Pardon my digression. Back to Drucker. His book: "Innovation and Entrepreneurship: Practice and Principles" has some good snippets of wisdom on Entrepreneurship and Innovation. Here are a few I collected:
"Entrepreneurs, by definition, shift resources from areas of low productivity and yield to areas of higher productivity and yield. Of course, there is a risk they may not succeed. But if they are even moderately successful, the returns should be more than adequate to offset whatever risk there might be."
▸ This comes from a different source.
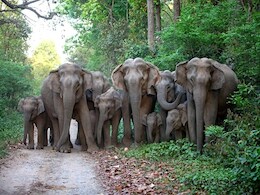 फैक्ट्री, स्कूल और फसलों पर हाथियों का कब्जा, झारखंड में गजराज की तबाही से सहमी जनता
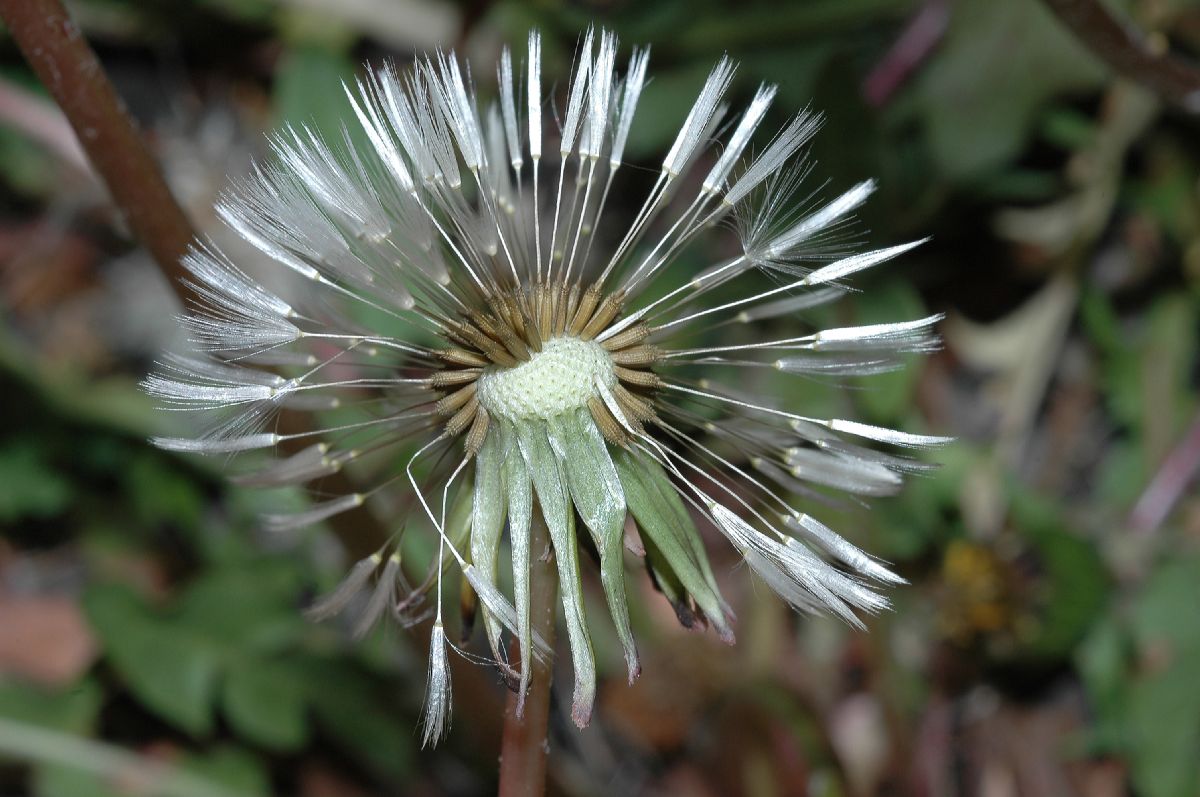 Asteraceae Taraxacum officinale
The second quote using the difference between MacDonalds and the little "moms & pops" delicatessen:
"The husband and wife who open another delicatessen store or another Mexican restaurant in the American suburb surely take a risk. But are they entrepreneurs? All they do is what has been done many times before. They gamble on the increasing popularity of eating out in their area, but create neither a new satisfaction nor new consumer demand. Seen under this perspective they are surely not entrepreneurs even though theirs is a new venture. McDonald’s, however, was entrepreneurship. It did not invent anything, to be sure. Its final product was what any decent American restaurant had produced years ago. But by applying management concepts and management techniques (asking, What is "value" to the customer?), standardizing the "product," designing process and tools, and by basing training on the analysis of the work to be done and then setting the standards it required, McDonald’s both drastically upgraded the yield from resources, and created a new market and a new customer. This is entrepreneurship."
A third one on the entrepreneur being some sort of a rebel with a cause:
Finally, and this is so true if you are an entrepreneur :"Entrepreneurship rests on a theory of economy and society. The theory sees change as normal and indeed as healthy. And it sees the major task in society - and especially in the economy - as doing something different rather than doing better what is already being done. That is basically what Say, two hundred years ago, meant when he coined the term entrepreneur. It was intended as a manifesto and as a declaration of dissent: the entrepreneur upsets and disorganizes. As Joseph Schumpeter formulated it, his task is "creative destruction.""
"Entrepreneurship is "risky" mainly because so few of the so-called entrepreneurs know what they are doing." (So true!)